• GIVEN RECORDS:
____________

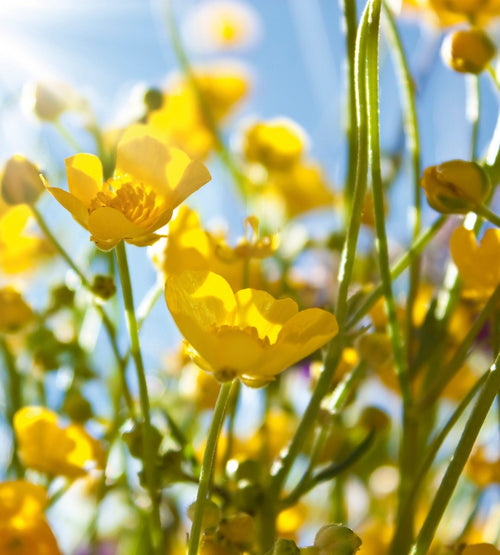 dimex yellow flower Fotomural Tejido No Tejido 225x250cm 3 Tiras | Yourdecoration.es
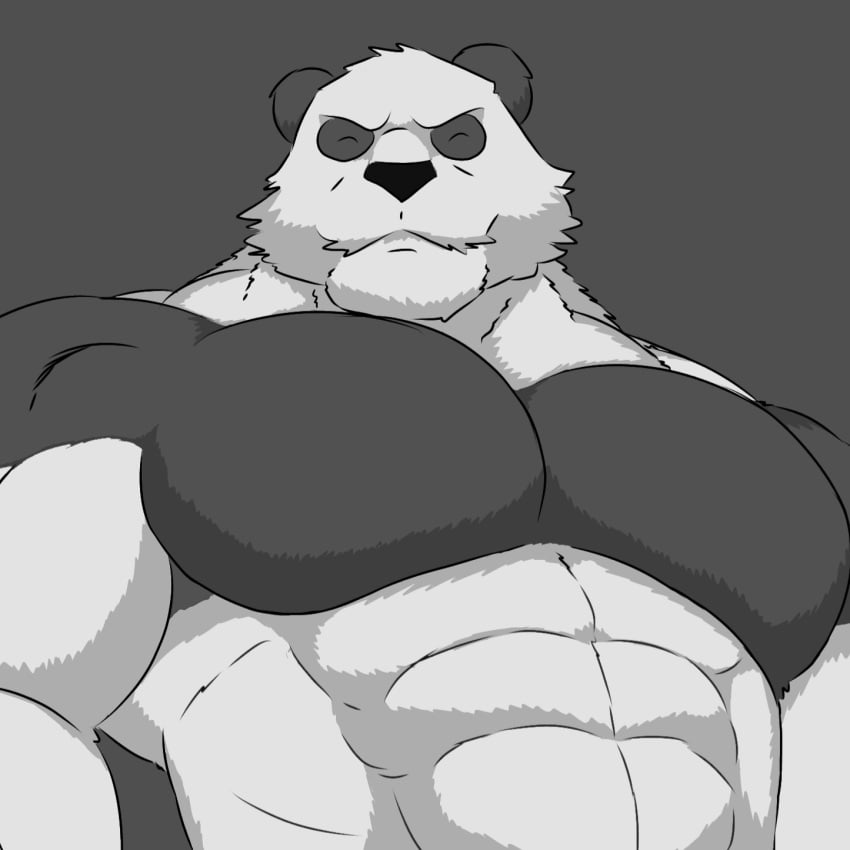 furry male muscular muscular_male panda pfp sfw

____________

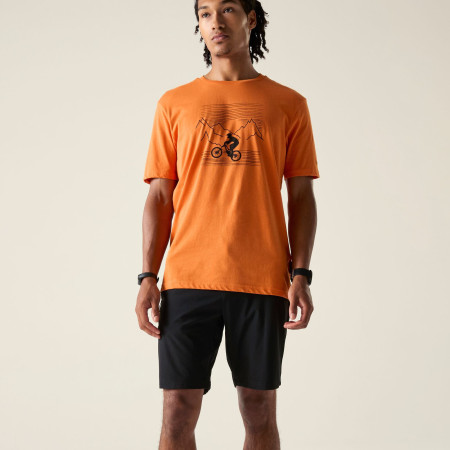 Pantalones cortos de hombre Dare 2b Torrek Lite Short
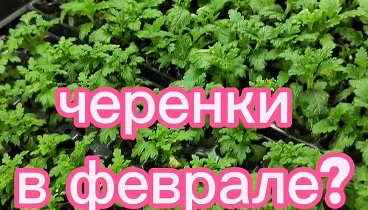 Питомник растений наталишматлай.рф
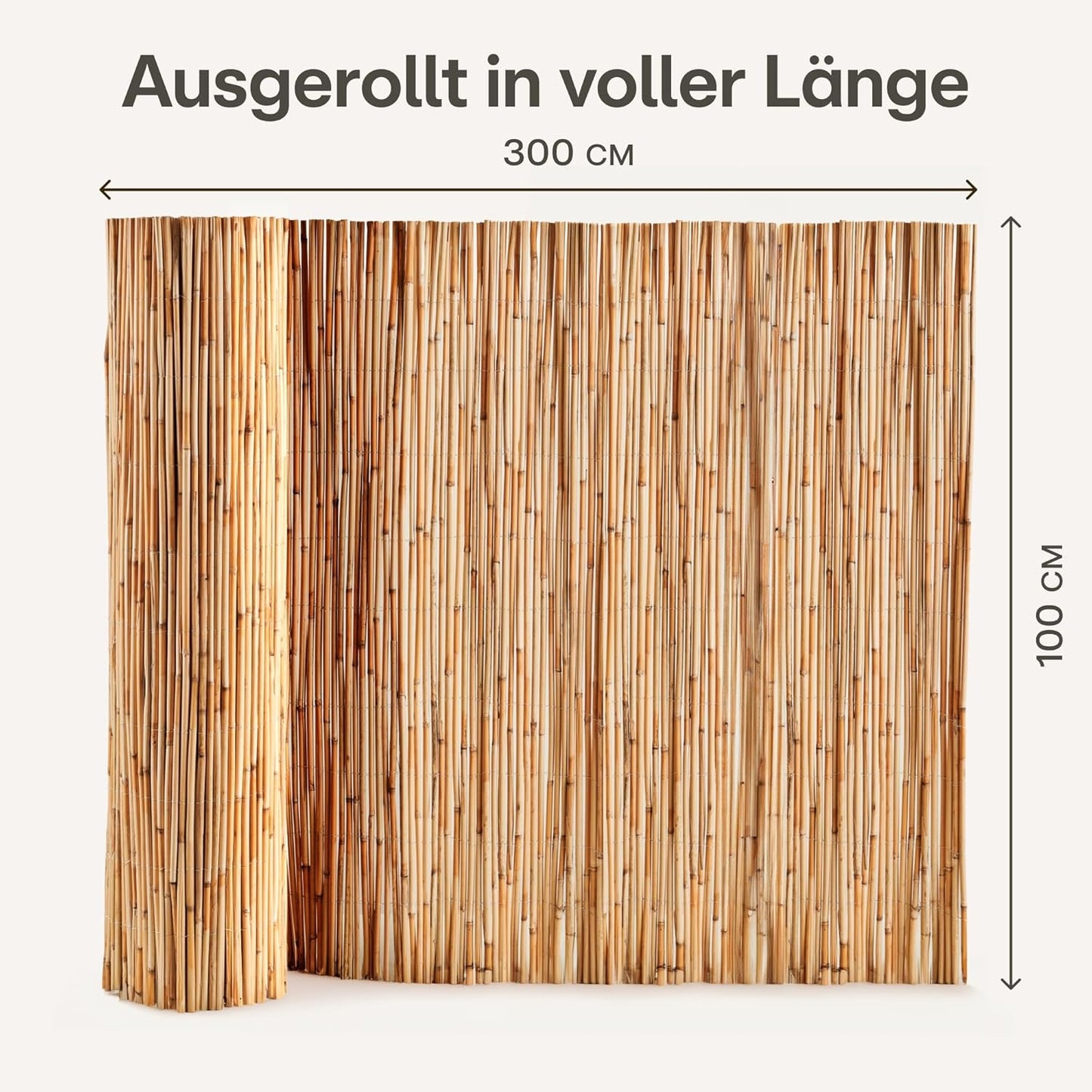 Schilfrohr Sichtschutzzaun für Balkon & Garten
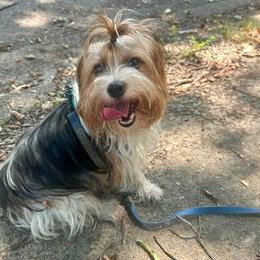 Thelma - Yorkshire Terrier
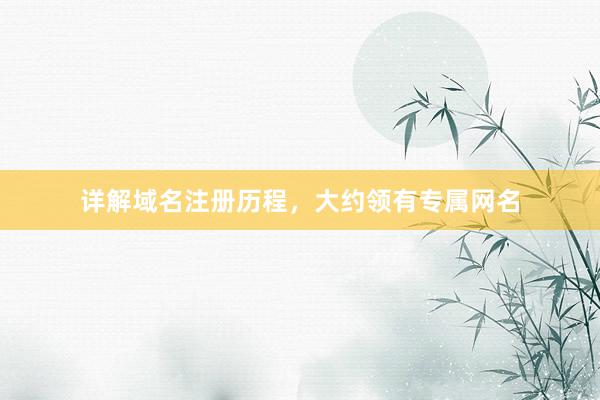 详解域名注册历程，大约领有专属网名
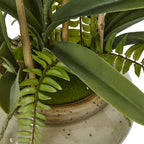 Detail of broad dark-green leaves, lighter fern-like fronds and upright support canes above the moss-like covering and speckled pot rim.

____________

• PROBLEM DETAILS:
Every line above between the one containing "Thelma - Yorkshire Terrier" and the one containing "Detail of broad", those two included, is to be printed exactly. No pictures go into the copy.

• ANSWER FOR THE TASK:
 Thelma - Yorkshire Terrier
 详解域名注册历程，大约领有专属网名
 Detail of broad dark-green leaves, lighter fern-like fronds and upright support canes above the moss-like covering and speckled pot rim.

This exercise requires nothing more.